A small number of rules hold across every layer. These are locked in the project's decision log.

- **Provider-agnostic at every layer.** No layer's public interface mentions a specific vendor. Swapping transcription, search, or LLM is an adapter change, not a refactor.
- **Latency budgets are enforced at the system level.** Each agent has a locked first-token and full-response target. Regressions are a release-blocking issue, not a tuning note.
- **Grounding is mandatory.** Agent responses cite their transcript window and retrieval context. An agent that cannot ground its answer returns a structured non-answer rather than a plausible guess.
- **Bi-directional knowledge base.** Everything the host ingests feeds the retrieval layer. Everything the system produces feeds back into the knowledge base. The host owns both ends.
- **v0.1 is Windows-only.** macOS and Linux ports are deferred to post-release. This is a deliberate scope choice, not a technical limitation.

---

## What v0.1 Ships With

- The four agents (Fact-Check, Counterpoint, Follow-Up, Guest Research).
- The pre-show dossier builder.
- The knowledge base with bi-directional ingest.
- Dashboard, live session view, and OBS browser source surfaces.
- A demo video as part of the release gate.
- Git-clone-and-run distribution. No installer in v0.1.

---

## What v0.1 Explicitly Does Not Ship

- A browser extension. Deferred to v0.2.
- Packaged installers (.exe, .dmg). Deferred until the release pipeline justifies them.
- macOS or Linux support. Community contributions welcomed after v0.1.
- Multi-host or multi-session orchestration. Single-host, single-session is the v0.1 target.
- A hosted cloud tier. Local-first is a product stance, not a staging point.

---

## Current Status

The project is mid-build against a phased, autonomous task plan.

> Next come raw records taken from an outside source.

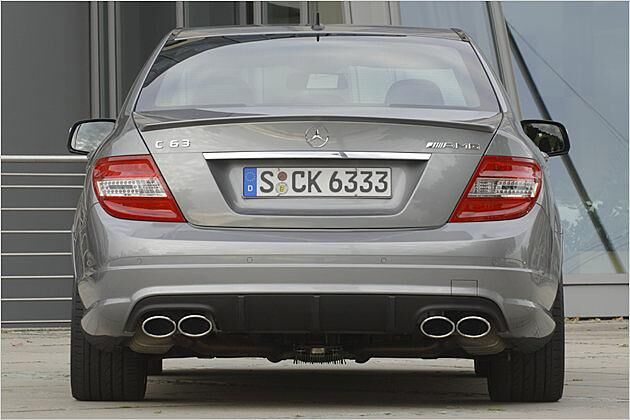 Auch die Spur der C 63 AMG ist etwas breiter als die der normalen C-Klasse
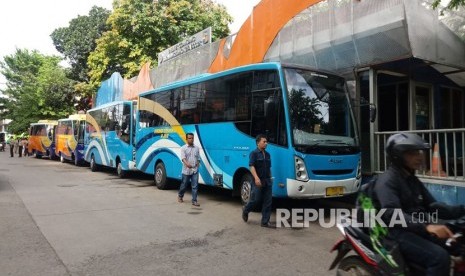 Badan Pengelola Transportasi Jabodetabek (BPTJ) Kementerian Perhubungan (Kemenhub) bakal meluncurkan layanan angkutan umum massal dengan konsep Bus Rapid Transit (BRT) di Kota Bogor, Jawa Barat, pada Selasa (2/11).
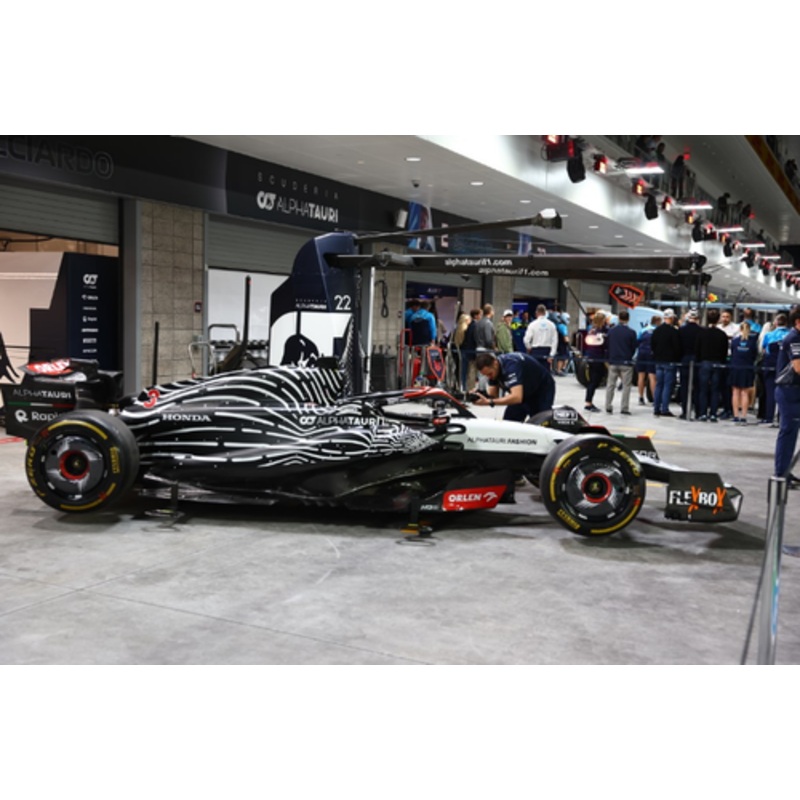 1/43 MINICHAMPS SCUDERIA ALPHATAURI AT04 - YUKI TSUNODA - LAS VEGAS GP 2023 Resin Car Model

Snapshot of where the work sits:

- **Architecture and decision log:** Locked. Tech stack choices are committed, with recorded escape valves for any layer that fails validation.
- **Agent harness and four agents:** Implemented against the locked interface. Grounded response pipeline wired through to the retrieval layer.
- **Pre-show dossier builder:** Implementation complete. Structured dossier artifacts land in the knowledge base and attach cleanly to sessions.
- **Knowledge base:** Embedded vector store operational. Bi-directional ingest path exercised.
- **Dashboard:** Settings editing and save, dossier CRM form with auto-research, KB file explorer, and session rating loop are live. Agent composition chains and UI polish are landed.
- **Live session view:** Scaffolded and rendering streamed agent output. Hotkey integration in place.
- **OBS browser source:** Route live; overlay styling pass in progress.
- **Observability, tone learning, error-recovery E2E:** Scoped; activation of the CI latency-regression gate lands in this phase.
- **Release:** Pending. Demo video is part of the Done definition.

The remaining build concentrates on the surfaces reaching their final polish, the latency gate being enforced end-to-end, and the release artifacts being assembled.

---

## Licensing

PodcastIQ ships under **AGPL-3.0 with a DCO sign-off workflow**. This preserves a commercial dual-license pathway while keeping the reference implementation open for the host community. There is no CLA.

---

## What This Document Intentionally Omits

Internal provider rankings, per-agent prompt design, specific latency benchmarks, the exact escape-valve logic per layer, the model-routing policy for sub-agent orchestration during the build, and the detailed phased task plan. Those belong in the project's private decision log and are not part of the public concept surface.